Kekayaan Materi Bukanlah Segalanya

depresiNegara-negara makmur seperti Amerika Serikat, cenderung memiliki tingkat depresi lebih tinggi dibandingkan negara-negara berpenghasilan rendah seperti Meksiko, sebuah studi baru dari Organisasi Kesehatan Dunia (WHO). Selain melihat karakteristik pribadi seperti usia dan status hubungan, para peneliti membagi menurut pendapatan rumah tangga rata-rata.

Proporsi orang yang pernah mengalami depresi klinis dalam hidup mereka sebanyak 15% di negara berpenghasilan tinggi dan 11% di negara berpenghasilan rendah. Perancis (21%) dan Amerika Serikat (19%) memiliki tingkat tertinggi, sementara Cina (6,5%) dan Meksiko (8%) memiliki terendah.

Evelyn Bromet, PhD, penulis utama penelitian dan seorang profesor psikiatri dan ilmu perilaku di Stony Brook University, di Stony Brook, NY menekankan bahwa kekayaan dan kebahagiaan hanya sebuah konsep. "Dimanapun Anda berada, selalu ada orang yang melakukan lebih baik daripada kamu," kata Bromet. "Anda akan berpikir bahwa negara-negara yang lebih baik berarti memiliki tingkat depresi yang lebih rendah, hanya karena memiliki pendapatan tinggi tidak berarti tidak ada stres."

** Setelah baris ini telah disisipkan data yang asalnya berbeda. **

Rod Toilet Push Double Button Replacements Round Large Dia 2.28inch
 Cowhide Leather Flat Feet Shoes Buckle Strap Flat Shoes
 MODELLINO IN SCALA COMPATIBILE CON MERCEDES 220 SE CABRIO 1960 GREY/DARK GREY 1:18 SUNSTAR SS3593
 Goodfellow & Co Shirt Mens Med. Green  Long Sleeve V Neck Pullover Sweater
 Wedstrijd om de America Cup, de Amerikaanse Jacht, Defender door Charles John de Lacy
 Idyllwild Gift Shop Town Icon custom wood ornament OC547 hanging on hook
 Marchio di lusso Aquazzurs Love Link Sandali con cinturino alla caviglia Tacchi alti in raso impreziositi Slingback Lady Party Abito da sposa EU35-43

Selain itu, ia menambahkan, negara-negara terkaya di dunia juga cenderung memiliki tingkat ketidaksetaraan pendapatan, yang telah dikaitkan dengan tingkat depresi yang lebih tinggi serta banyak penyakit kronis lainnya. Hal ini mungkin mencerminkan perbedaan dalam tingkat depresi, tetapi bisa juga orang-orang di negara miskin untuk beberapa alasan berhubungan dengan depresi dari masa lalu mereka, tambahnya.

"Ada perbedaan yang signifikan pada negara-negara dalam hal ketersediaan dan penerimaan sosial dari pelayanan kesehatan mental untuk depresi," kata Timothy Classen, PhD, asisten profesor ekonomi di Universitas Loyola Chicago yang telah mempelajari hubungan antara ekonomi dan bunuh diri, yang mencatat bahwa ada stigma depresi di negara seperti Jepang daripada di Amerika Serikat. Classen mengatakan ini mungkin menjelaskan mengapa Jepang memiliki tingkat bunuh diri lebih tinggi, walaupun depresi, suku dalam penelitian ini adalah tiga sampai empat kali lebih rendah dibandingkan di AS.